Categorized | National News

Off Duty Officers Want Guns

As police officer Wilfred Atherley fights for his life in hospital after being ambushed and shot about the body over the weekend, members of the Police Staff Association (PSA) are calling of the government and the Royal Bahamas Police Force (RBPF) to allow them to carry their guns when off duty.

As it stands, police officers are mandated to turn in their weapons when they are off duty, but Executive Chairman of the PSA Sergeant Darrell Weir said this leaves off duty police officers outmatched on the streets.

“We are trained to carry these firearms, so there is no use for when we knock off, to turn the firearms in, because the same guy we lock up today, we will see him on the streets,” he said.

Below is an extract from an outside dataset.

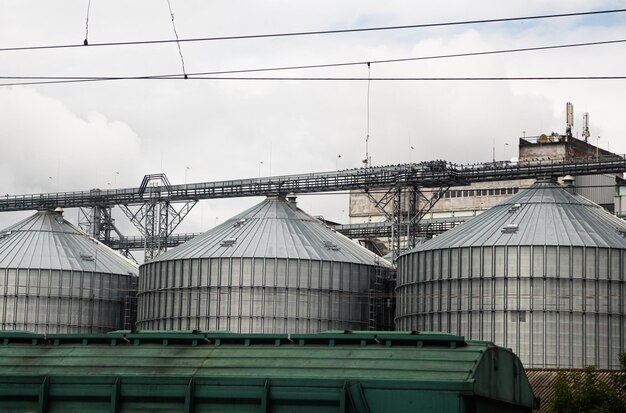 Agriculture grain silos on grass under blue sky Ukrainian wheat export of industry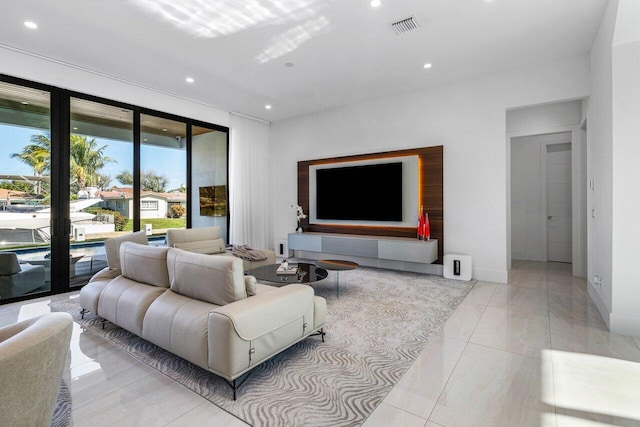 living room featuring visible vents, recessed lighting, and baseboards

“He’s not going to ask us if we have our guns on us. He won’t say, ‘Hold on, let me allow you to go get your gun.’”

Police reports said last Saturday at 10:30 p.m. Officer Atherley was ambushed by a masked gunman in the Woods Alley area and shot six times as he visited a relative.

After undergoing surgery over the weekend, police said he is in hospital in stable condition.

Sergeant Weir said with today’s criminals becoming bolder and seemingly less fearless of those in authority, it is now time for the RBPF to fight fire with fire and equip police officers with the tools they need on and off the clock.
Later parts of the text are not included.